Exercise requirements:
Leaving the pictures aside, transcribe every line below exactly.

Supplied data:
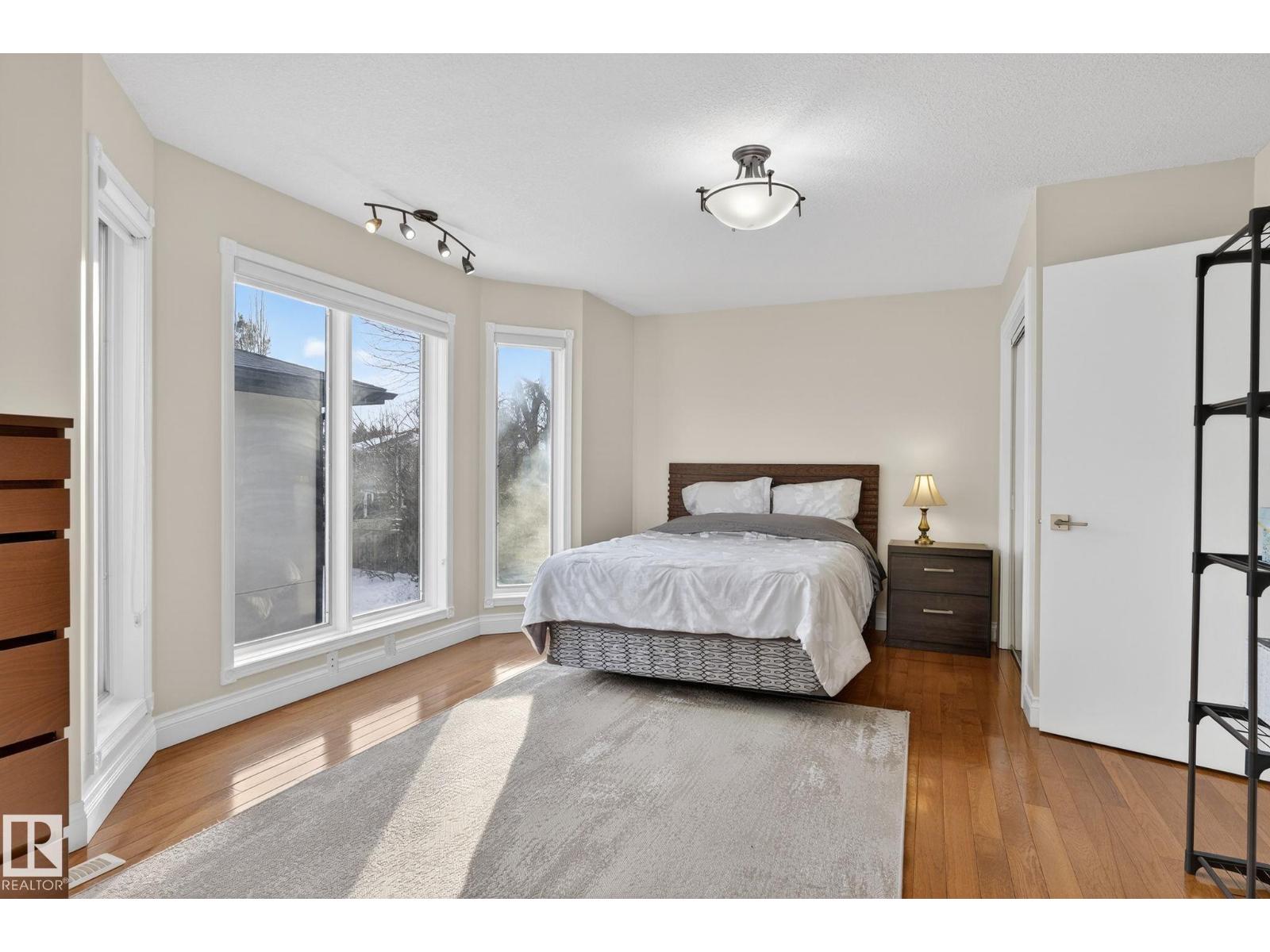 158 Wolf Ridge Pl Nw, Edmonton, Alberta  T5T 5M9 - Photo 38 - E4475026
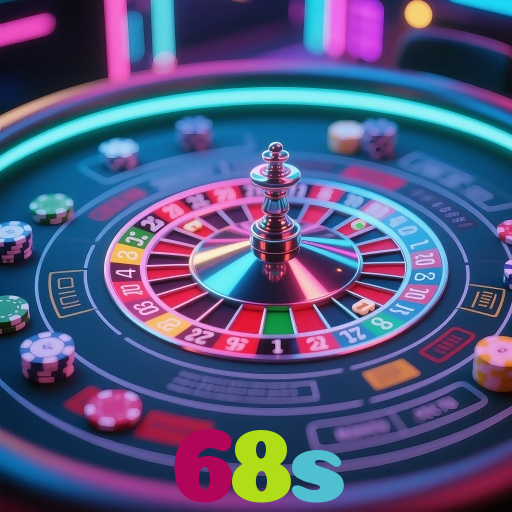 68s 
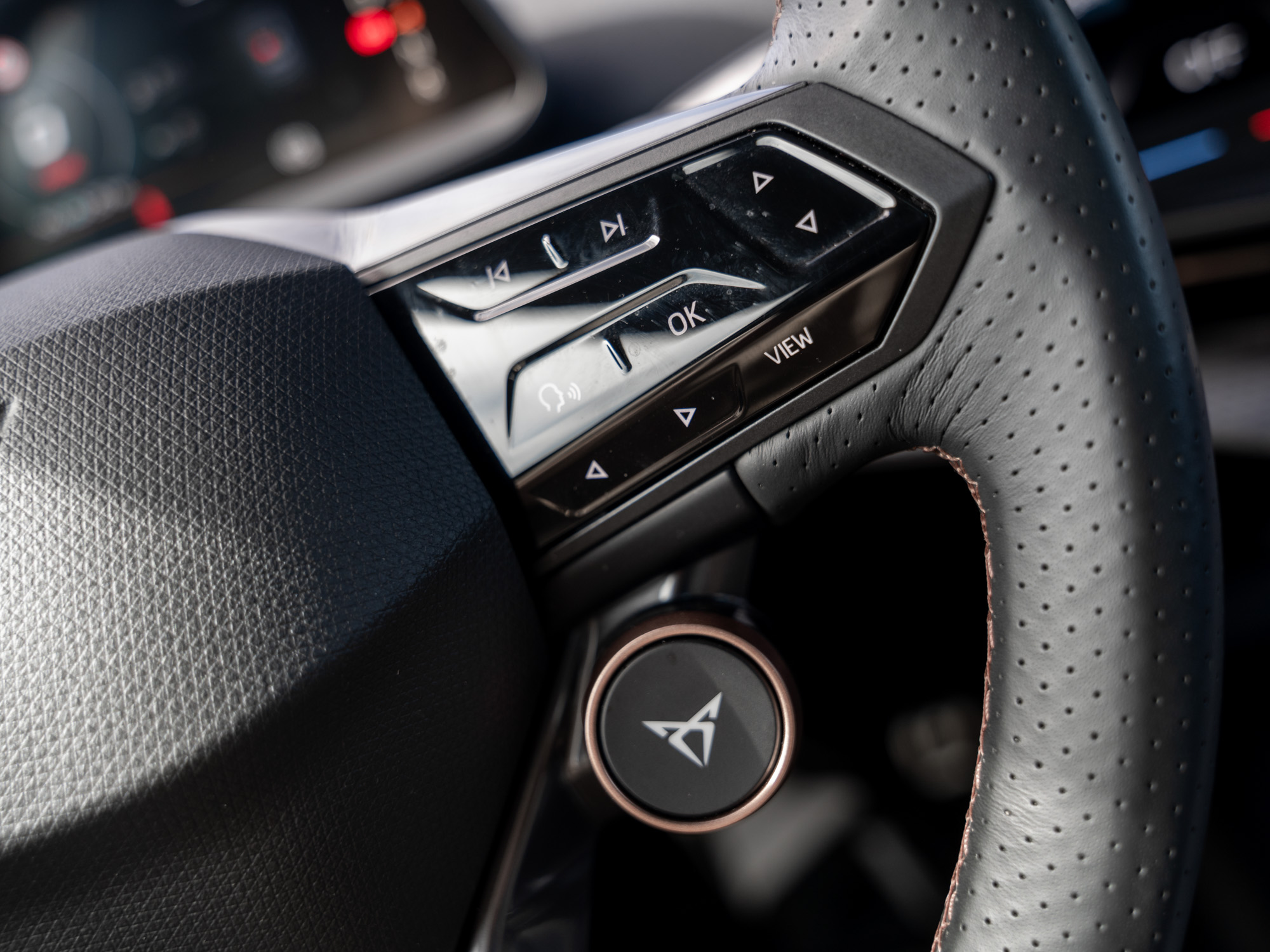Cupra - Tavascan W Endurance Adrenaline Package LM_18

Result of this exercise:
 158 Wolf Ridge Pl Nw, Edmonton, Alberta  T5T 5M9 - Photo 38 - E4475026
 68s 
Cupra - Tavascan W Endurance Adrenaline Package LM_18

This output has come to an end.